_Work task:_ Nothing but an exact copy is asked for: the lines in the material below from the one with "Pantalon tricoté large" through the one with "Прямые кожаные брюки", pictures excluded.

------ Data under study

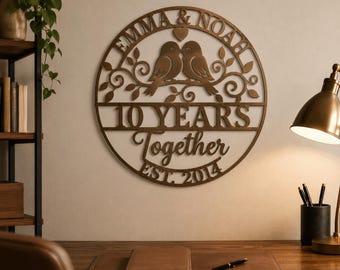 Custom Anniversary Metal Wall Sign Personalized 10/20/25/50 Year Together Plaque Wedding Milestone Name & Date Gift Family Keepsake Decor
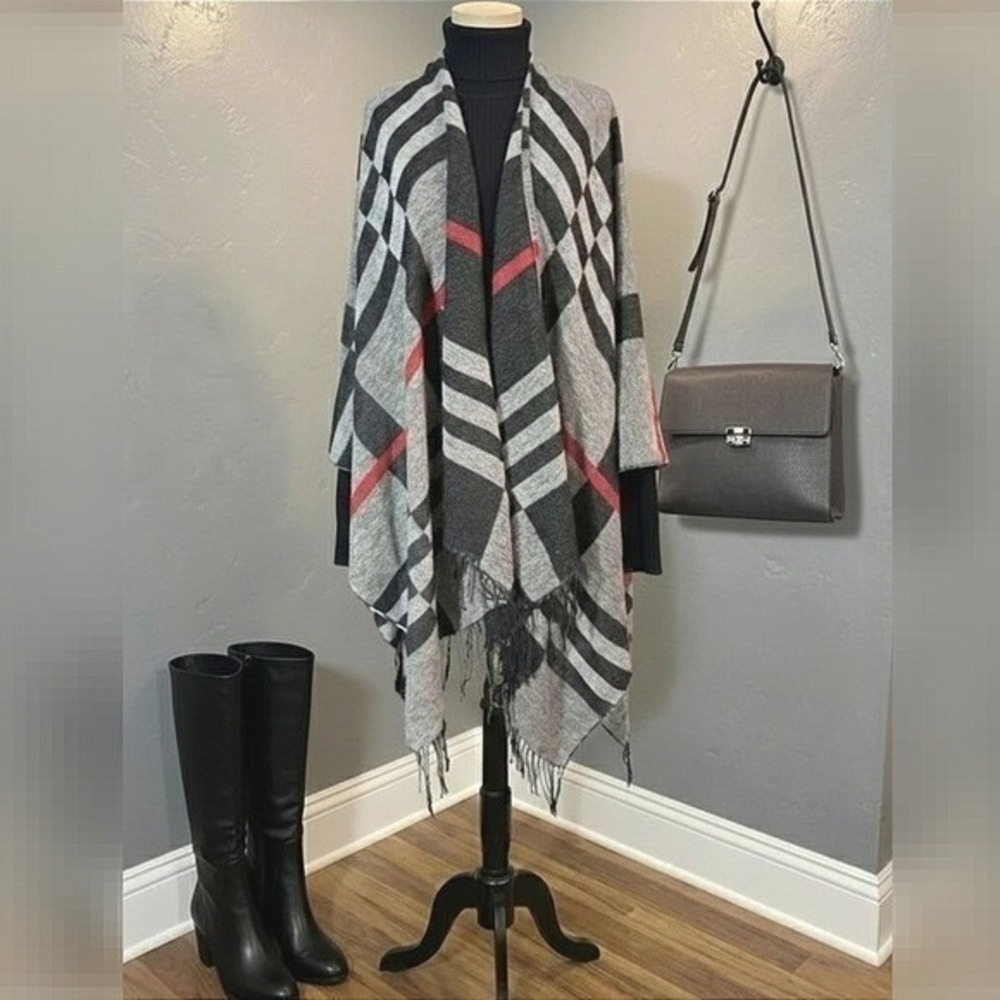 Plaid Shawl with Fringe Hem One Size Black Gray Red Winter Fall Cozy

------------
------ Data under study

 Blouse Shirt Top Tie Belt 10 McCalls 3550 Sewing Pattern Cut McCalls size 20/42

------------
------ Data under study

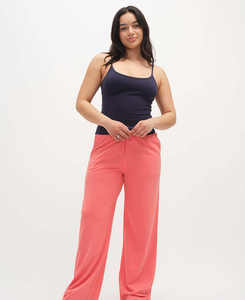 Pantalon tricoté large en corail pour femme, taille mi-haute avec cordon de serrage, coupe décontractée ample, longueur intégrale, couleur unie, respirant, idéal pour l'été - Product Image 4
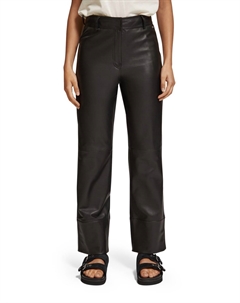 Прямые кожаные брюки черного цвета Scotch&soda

------------

_Exercise response:_
 Pantalon tricoté large en corail pour femme, taille mi-haute avec cordon de serrage, coupe décontractée ample, longueur intégrale, couleur unie, respirant, idéal pour l'été - Product Image 4
 Прямые кожаные брюки черного цвета Scotch&soda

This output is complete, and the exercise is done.